In making a series of veterans-for-prospects trades over the previous three years — with stars including Jason Heyward, Andrelton Simmons and closer Craig Kimbrel among those sent packing — the Braves set themselves up for a difficult rebuilding process but also managed to construct a farm system that Baseball America ranked as the best in baseball this spring (up from 29th in 2015).
But the heavy lifting of that rebuild is in the past, and when the Braves added veteran pieces Brandon Phillips (February) and Matt Adams (May) to stay competitive in 2017, they were able to do so without giving up any of their top prospects. In other words, they are flush with the type of high-end prospects most sellers would be looking for, were the Braves inclined to gamble this summer (not a likely scenario, with FanGraphs.com projecting their odds of making the playoffs at 3 percent entering the weekend).
On the flip side, they also have plenty of intriguing pieces — among them Adams, starting pitcher Julio Teheran and closer Jim Johnson — should they choose to become deadline sellers again, a notion Snitker all but shot down. In their first season in a new ballpark, on the fringes of contention, in the latter stages of a difficult rebuilding process, another wholesale sell-off makes little sense for the Braves.
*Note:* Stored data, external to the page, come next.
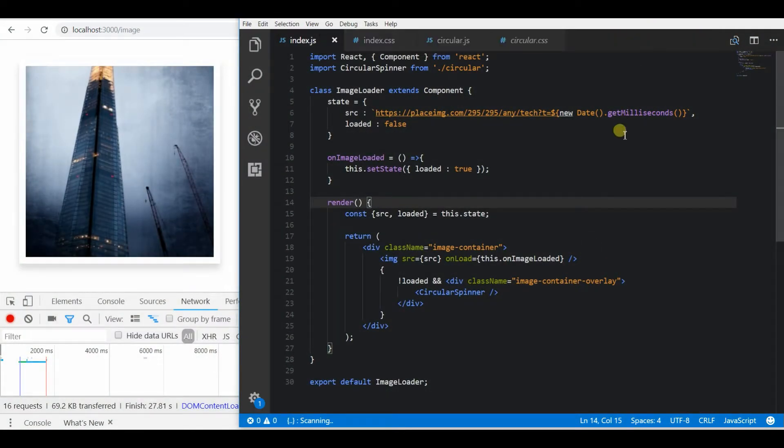Hey guys, in this video I am going to show how to add a fallback image if in case the image link is broken.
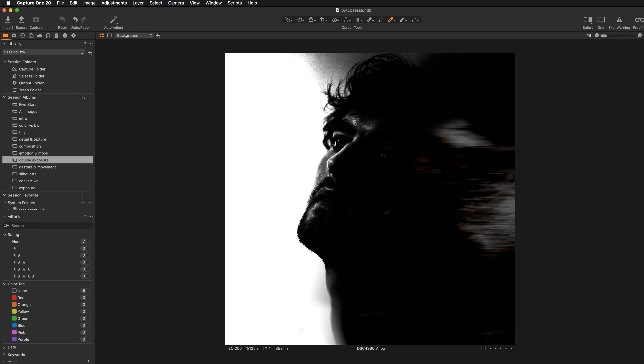So we've spent a lot of time talking about composition. By converting your image to black and white, you are simplifying the image, and this puts composition in first place. Composition is super important. When you eliminate color from your images, you must have strong shapes, you must have line, you must have texture, and you might also use perspective and add angles to make your composition even more dynamic and interesting.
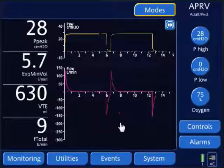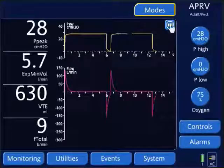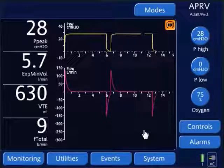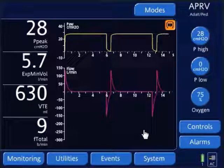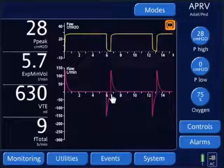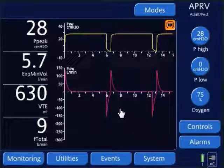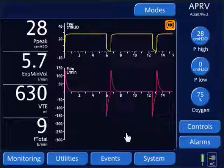Here's my flow waveform, and we want to look at the expiratory portion of it. I'm going to freeze the screen to take a closer look at the peak expiratory flow and the termination point. Here's my peak expiratory flow and here's my termination point. If it's below 50% of the measured peak expiratory flow — which it is — I want to decrease my T-low setting to bring the termination point up to 75% of the peak expiratory flow.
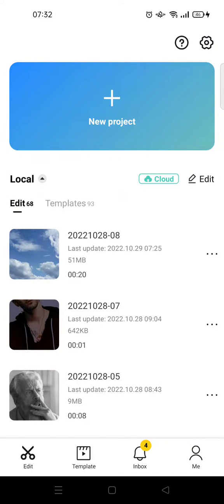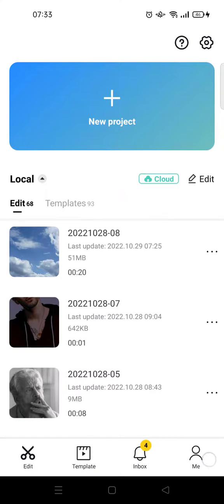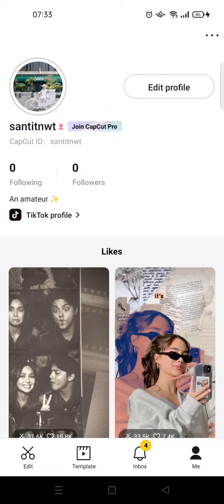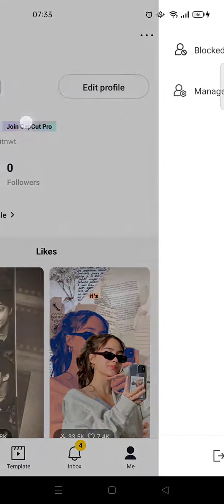Hi everyone, welcome back to the channel. On today's tutorial, I'm gonna show you how to see your CapCut ID on the CapCut app. Here I've already opened the app. If you want to see your ID on CapCut, it's actually pretty easy — you can just go to 'Me' at the bottom corner, and here you'll see the CapCut ID.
“Their value right now is for us,” he said of the Braves’ veterans. “Their value is to our team. We’re not where we were last year. We’re playing for now and today and maybe adding pieces. We’re getting to the point where it’s about making this team better. The farm system has improved a lot.”
When it was suggested to Snitker that the difficult phase of the Braves’ rebuild, the teardown, was over, he responded, “I don’t know if that’s the hard part or if the hard part’s yet to come” — meaning the task of forming a young core into a perennial championship contender.
That’s a process that occurs over years, not weeks. It happens over the course of multiple seasons, April to September, and through measured decision-making in the winter months. July, meanwhile, is full of dazzling temptations, but for all but the select few who are certain of their needs, it isn’t where championships are won.
After spending the past three years building for the future, the Braves are stocked with young talent such as rookie shortstop Dansby Swanson.